Researchers at the Medical Research Council MRC Prion Unit and the Department of Neurodegenerative Disease at the Institute of Neurology, University College London - in collaboration with groups from Copenhagen, Aarhus, Lund and Cambridge - have identified a gene that, when mutated, causes an early onset dementia.
The discovery of the gene provides clues for the understanding of dementia and other forms of neurodegenerative disease.

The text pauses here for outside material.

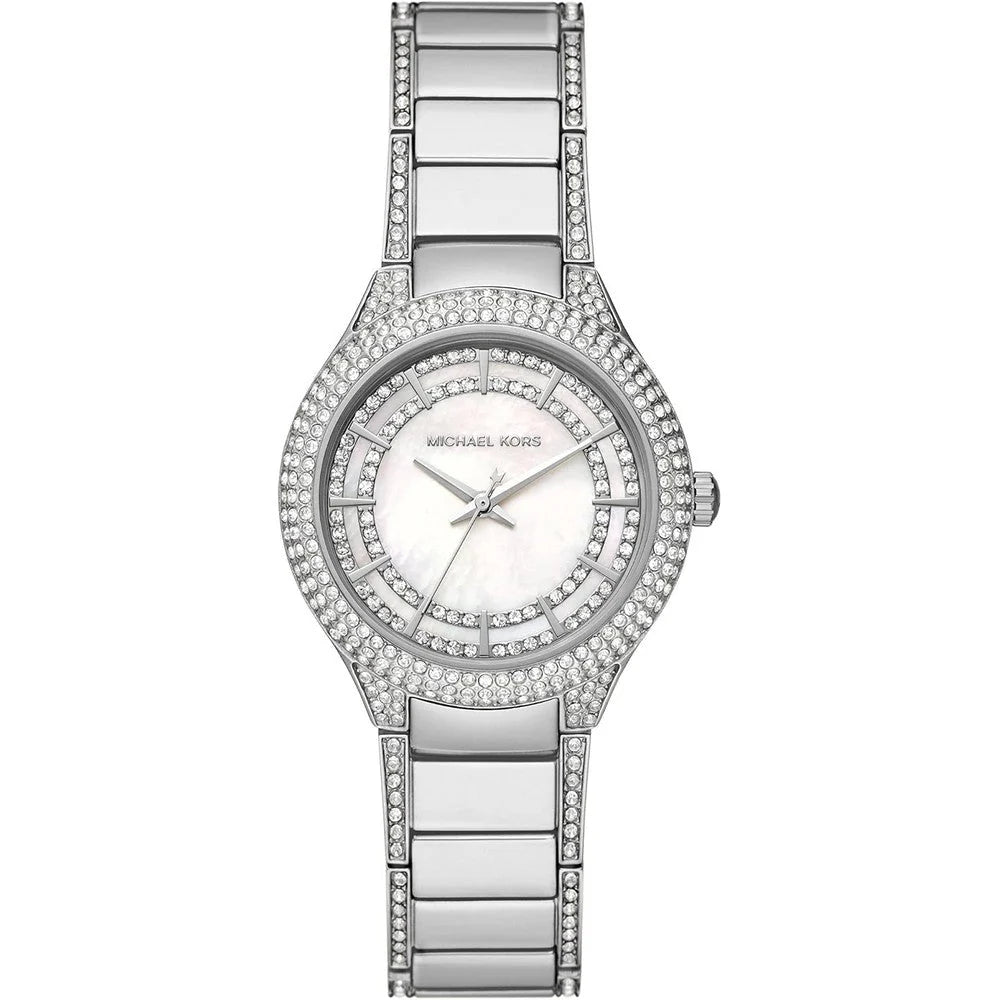 Michael Kors Sylvia women's watch with mother of pearl dial, crystal-set bezel and silver steel bracelet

The investigators studied a large family spanning 6 generations that is affected by an inherited form of early onset dementia, similar to Alzheimer's disease, called frontotemporal dementia (FTD). FTD is the second most common cause of presenile dementia. Typically the dementia strikes in the 50s and 60s and an affected parent has a 50% chance of passing on the mutated gene to their children.

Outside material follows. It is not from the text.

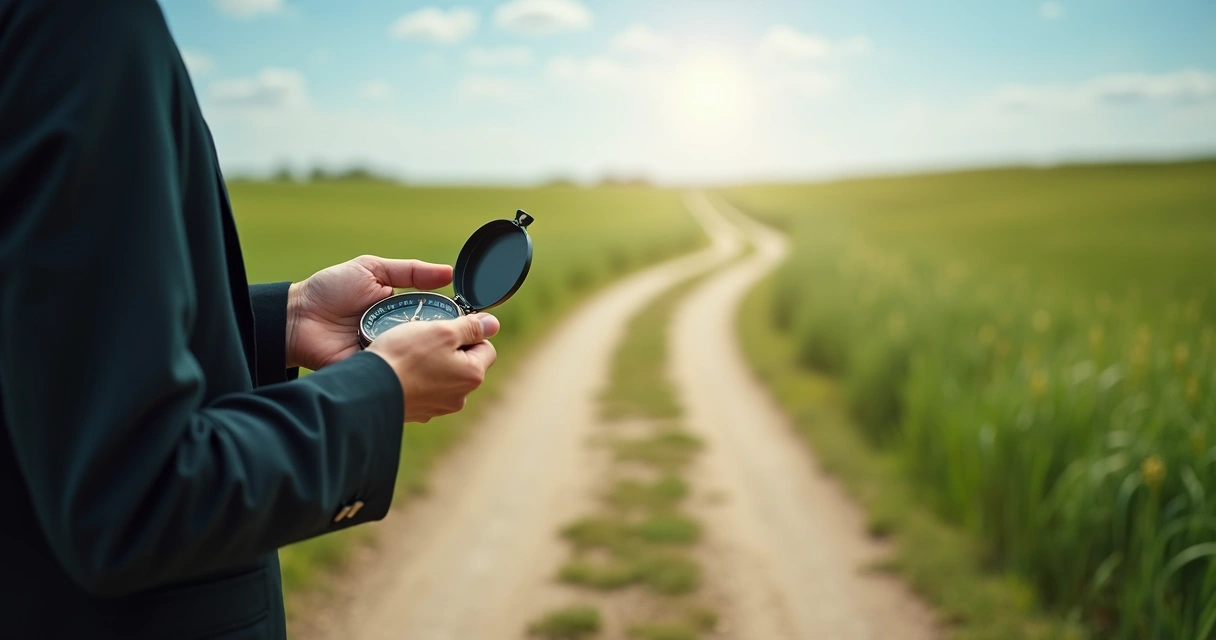 Pessoa segurando uma bússola com caminhos divergentes ao fundo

FTD results in changes to behaviour and personality and causes difficulties with speech and comprehension. This genetic study of the family led to the identification of an alteration in a gene, called CHMP2b. The same gene was also found to be mutated in another FTD patient entirely unrelated to this family.
Professor John Collinge, Director of the MRC Prion Unit and Professor Elizabeth Fisher (UCL) the joint leaders of the project said: "The identification of the gene throws light on a new possible mechanism of neurodegeneration, and brings us closer to new therapies and new ways in which we can prevent the onset and progression of dementia".